Students no longer need rely on bathroom walls for this kind of referral: I’m told that students at my own alma mater now use a classifieds board on LiveJournal to exchange info, rides and for sale items.
If the Internet can improve on bathroom graffiti as an information resource, I figure it can amplify the expressive and creative impact, too. The power of bathroom graffiti lies in its spontaneity, its intimacy (think about what you’re doing while you look at it), its honesty and its illicitness. Humour plays a frequent role, too.

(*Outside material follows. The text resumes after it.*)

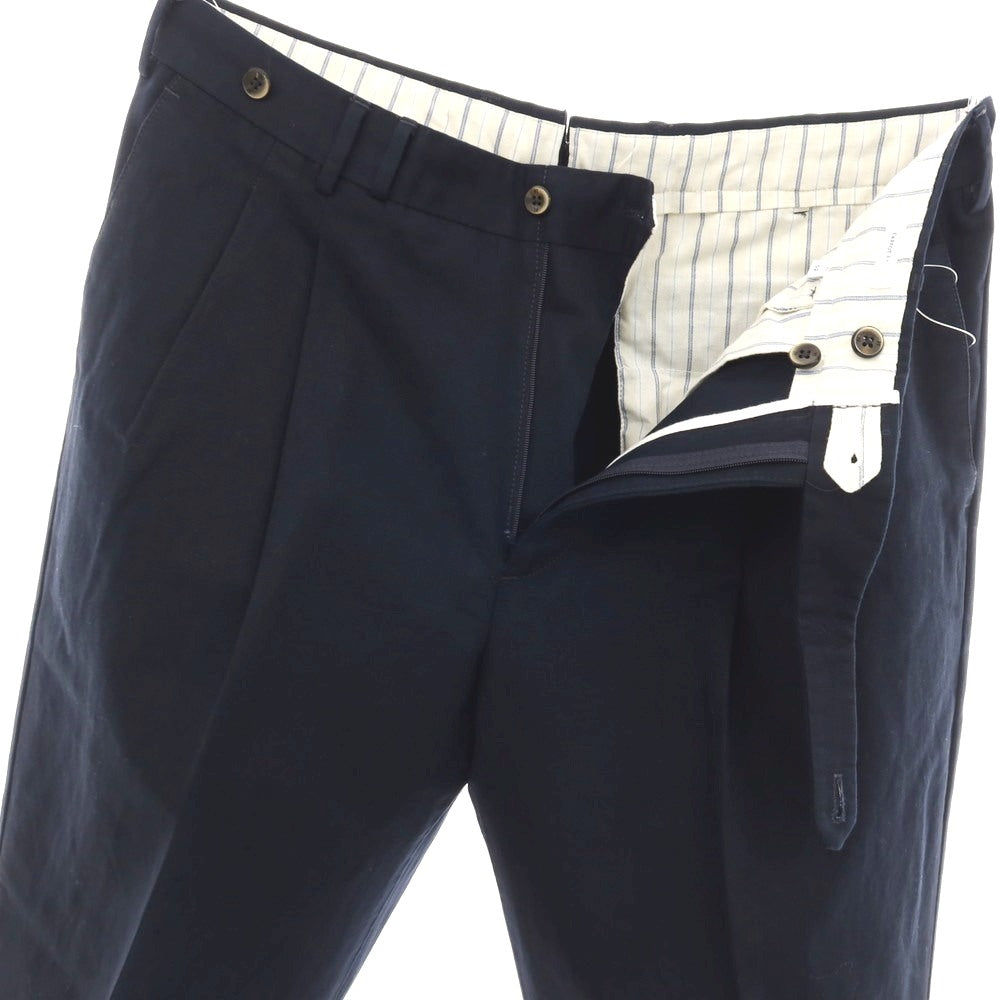 【新品アウトレット】ピーティートリノ PT TORINO コットンリネン カジュアルスラックスパンツ ネイビー【サイズ52】【 状態ランクN- 】【 メンズ 】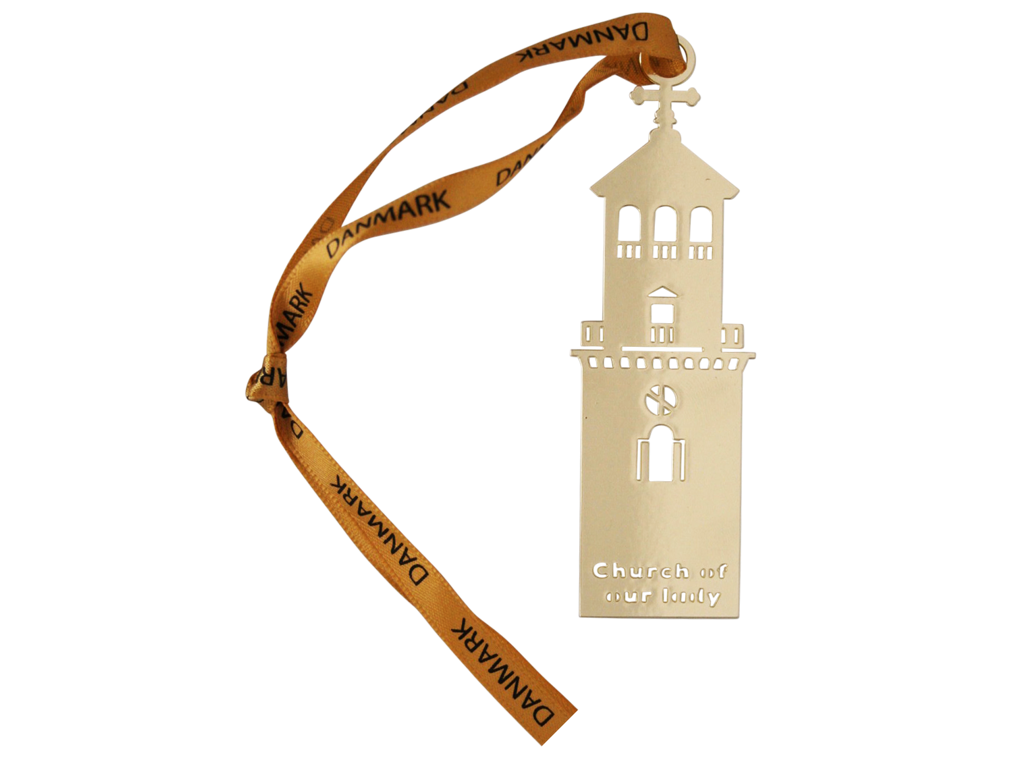 Bookmark Church Of Our Lady Gold Color Plated Metal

But these qualities are also limiting, as I’ve realized in tweeting about the graffiti here at Emily Carr. People want to see the great images I’ve been tweeting about, but bathrooms are limited both by gender and geography. If you’re a guy here in Vancouver, I can sneak you into the ladies’ room once I’ve determined that it’s empty, but if you’re tweeting me from New York or Toronto, you’re out of luck.
And then there’s the monotony. When I’m at work, I almost always use the bathrooms closest to my office, so I have more or less exhausted what its four stalls have to offer (thus the excitement over a new year and a fresh crop of sarcastic, angst-ridden doodlers).
A potential solution to both sets of problems is bathroom-based image sharing. Here’s how it could work:
- Step 1: Take a picture of the graffiti in a bathroom stall at Emily Carr, and upload it to the web.
- Step 2: Use a system like QR codes or Stickybits to assign a bar code to the now-online bathroom photo.
- Step 3: Print out the QR code on a sticker, or take a Stickybit that has the bar code for the bathroom snapshot.
- Step 4: Visit another bathroom elsewhere in the building — or better yet, elsewhere in the city or world — and slap the QR code or Stickybit onto the wall of a bathroom stall there.
Now, anyone who is peeing in that other bathroom can use a QR Code scanner or the Stickybits application to scan the code that’s been left behind; their smartphone will take them to the online picture of the graffiti from another bathroom.
A system like this could be used to develop a network of displaced bathroom graffiti that moves images from one stall to the other. Finally, the boys can see what’s in the girls’ room, and vice versa. Graffiti that gets erased by diligent custodians will be preserved forever online. Heck, you could get really crazy and save custodians from that work by simply uploading your images to the web in the first place, and using a code sticker rather than a marker to place your heartfelt expressions on a bathroom wall.
What’s the name for this network? “Pee It Forward.”